------ RECORDS FOR THIS TASK ------

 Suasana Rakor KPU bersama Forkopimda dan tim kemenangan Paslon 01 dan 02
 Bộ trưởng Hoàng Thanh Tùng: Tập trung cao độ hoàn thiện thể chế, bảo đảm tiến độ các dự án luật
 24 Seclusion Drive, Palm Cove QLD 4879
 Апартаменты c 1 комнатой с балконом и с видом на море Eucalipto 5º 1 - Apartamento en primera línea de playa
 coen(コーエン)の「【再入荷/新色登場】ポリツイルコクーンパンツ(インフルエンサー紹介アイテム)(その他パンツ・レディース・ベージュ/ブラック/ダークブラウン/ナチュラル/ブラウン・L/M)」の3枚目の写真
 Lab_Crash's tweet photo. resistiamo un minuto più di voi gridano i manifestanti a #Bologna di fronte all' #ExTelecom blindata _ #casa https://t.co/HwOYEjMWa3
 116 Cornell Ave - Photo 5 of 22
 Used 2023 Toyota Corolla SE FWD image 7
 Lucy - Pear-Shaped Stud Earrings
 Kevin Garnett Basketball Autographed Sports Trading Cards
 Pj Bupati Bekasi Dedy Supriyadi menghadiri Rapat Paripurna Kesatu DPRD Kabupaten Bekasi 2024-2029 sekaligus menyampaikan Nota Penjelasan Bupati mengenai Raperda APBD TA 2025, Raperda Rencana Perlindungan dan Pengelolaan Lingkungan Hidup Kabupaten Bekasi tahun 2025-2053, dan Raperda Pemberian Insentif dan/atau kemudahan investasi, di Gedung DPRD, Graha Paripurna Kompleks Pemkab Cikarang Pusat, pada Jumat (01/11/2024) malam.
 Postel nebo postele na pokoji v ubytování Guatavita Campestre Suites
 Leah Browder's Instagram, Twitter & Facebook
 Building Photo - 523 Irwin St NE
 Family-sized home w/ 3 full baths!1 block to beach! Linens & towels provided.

------

▶ _EXERCISE BRIEF_
To complete the exercise, print all of the entries exactly.

▶ _EXPECTED ANSWER_
 Suasana Rakor KPU bersama Forkopimda dan tim kemenangan Paslon 01 dan 02
 Bộ trưởng Hoàng Thanh Tùng: Tập trung cao độ hoàn thiện thể chế, bảo đảm tiến độ các dự án luật
 24 Seclusion Drive, Palm Cove QLD 4879
 Апартаменты c 1 комнатой с балконом и с видом на море Eucalipto 5º 1 - Apartamento en primera línea de playa
 coen(コーエン)の「【再入荷/新色登場】ポリツイルコクーンパンツ(インフルエンサー紹介アイテム)(その他パンツ・レディース・ベージュ/ブラック/ダークブラウン/ナチュラル/ブラウン・L/M)」の3枚目の写真
 Lab_Crash's tweet photo. resistiamo un minuto più di voi gridano i manifestanti a #Bologna di fronte all' #ExTelecom blindata _ #casa https://t.co/HwOYEjMWa3
 116 Cornell Ave - Photo 5 of 22
 Used 2023 Toyota Corolla SE FWD image 7
 Lucy - Pear-Shaped Stud Earrings
 Kevin Garnett Basketball Autographed Sports Trading Cards
 Pj Bupati Bekasi Dedy Supriyadi menghadiri Rapat Paripurna Kesatu DPRD Kabupaten Bekasi 2024-2029 sekaligus menyampaikan Nota Penjelasan Bupati mengenai Raperda APBD TA 2025, Raperda Rencana Perlindungan dan Pengelolaan Lingkungan Hidup Kabupaten Bekasi tahun 2025-2053, dan Raperda Pemberian Insentif dan/atau kemudahan investasi, di Gedung DPRD, Graha Paripurna Kompleks Pemkab Cikarang Pusat, pada Jumat (01/11/2024) malam.
 Postel nebo postele na pokoji v ubytování Guatavita Campestre Suites
 Leah Browder's Instagram, Twitter & Facebook
 Building Photo - 523 Irwin St NE
 Family-sized home w/ 3 full baths!1 block to beach! Linens & towels provided.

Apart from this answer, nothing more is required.